You're probably wondering how a review of a jazz rock fusion album ends up on a site dedicated mostly to rock and metal. It's simple, actually. In the late Seventies, you would easily find next to Judas Priest's Sad Wings of Destiny albums by Weather Report, Billy Cobham, and Chick Corea. Actually, jazz fusion isn't that far removed from progressive rock, another favorite genre of mine, so it all fits.
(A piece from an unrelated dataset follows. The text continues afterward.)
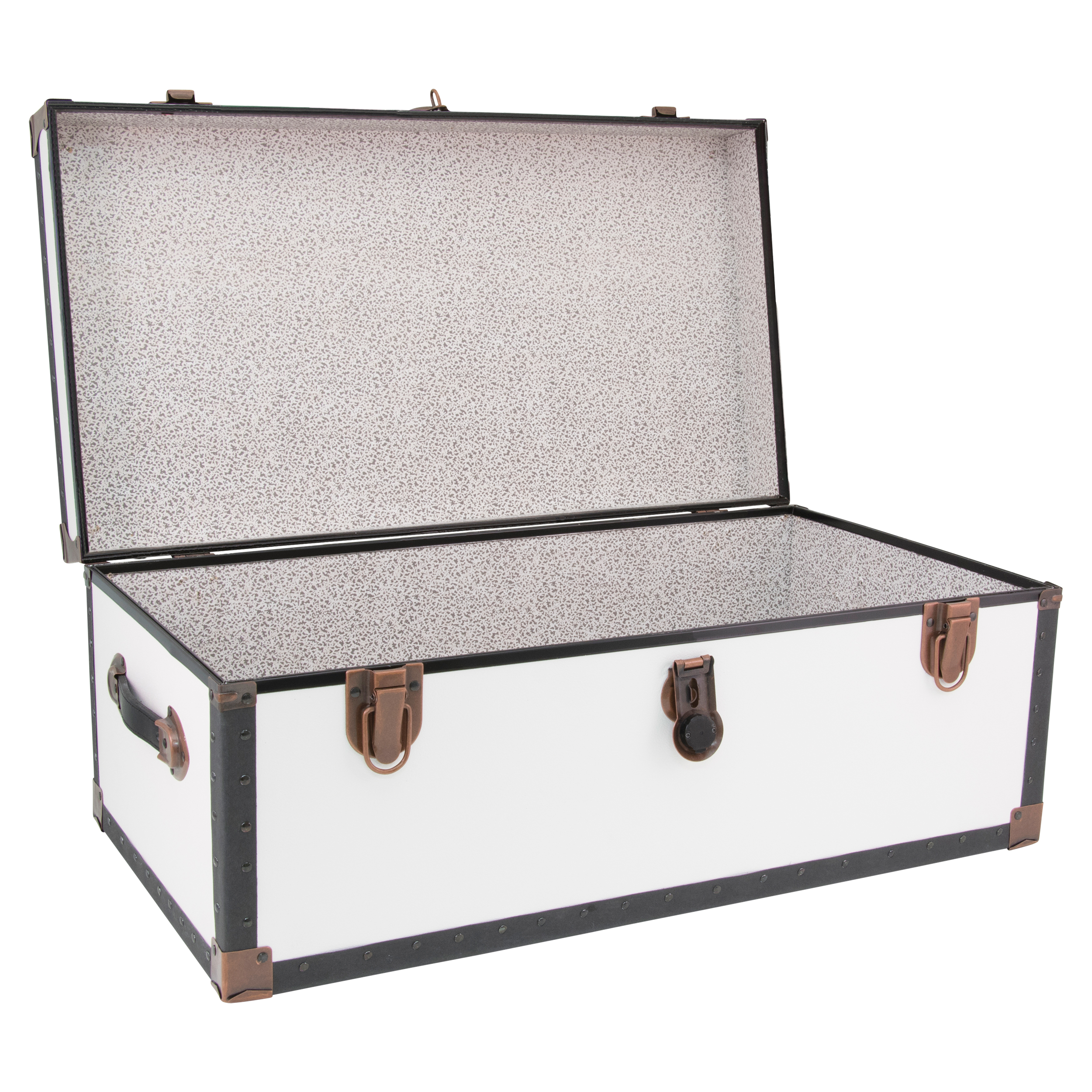 Seward Trunks 25 Gallon Wood, Plastic and Metal Trunk, White - image 5 of 8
HBC is trio of some very fine jazz fusion veterans. Guitarist Scott Henderson has played with as Chick Corea's Elektric Band, Jean-Luc Ponty, and a four year gig with Weather Report legend Joe Zawinul. Bass player Jeff Berlin has spent time with Bill Bruford, Alan Holdsworth, AWBH and George Benson, to name a few. He actually turned down an offer to play bass for Van Halen. Drummer Dennis Chambers is another virtuoso having played with greats like Parliament-Funkadelic, Steely Dan, Santana and the Brecker Brothers, as well as fusion bands led by guitarists John Scofield, Steve Khan, Mike Stern and John McLaughlin. On top of all this, all three have accolades out the yazoo. Needless to say, these guys are very good, and this self-titled debut displays their skill in abundance.
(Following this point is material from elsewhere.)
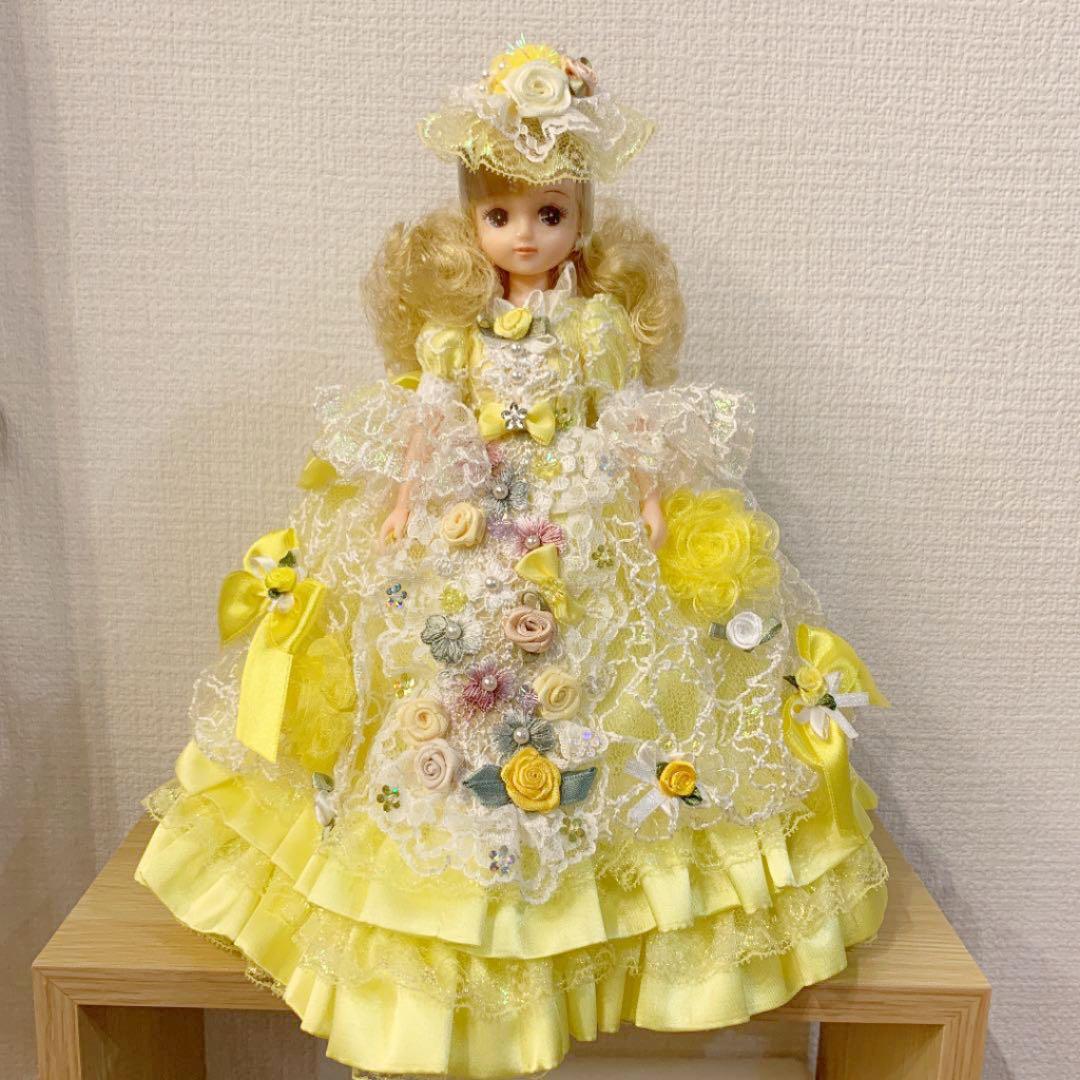 リカちゃん 人形 ドレス イエロー キャッスル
Of the nine songs, seven are covers including Herbie Hancock's Actual Proof, Billy Cobham's Stratus, and Weather Report's rather famous Mysterious Traveller as some of the best ones. Of the two original numbers Wayward Son of Devil Boy puts the 'fusion' into jazz rock fusion with Henderson's smoking hot rock and blues guitar work. Alternatively, Threedown is basically Berlin going solo on his bass.

If anything HBC echoes an earlier time, the nearly 'golden age' of Seventies jazz rock fusion. This is solid material preformed by three talented fellows. It would have been made better with more original tunes. Possibly we'll get more of this in their sophomore release. Easily recommended. - New fiction, crime fiction by Craig Hartranft

In Short

If anything HBC echoes an earlier time, the nearly 'golden age' of Seventies jazz rock fusion as Henderson, Berlin, and Chambers cover some classic fusion tunes.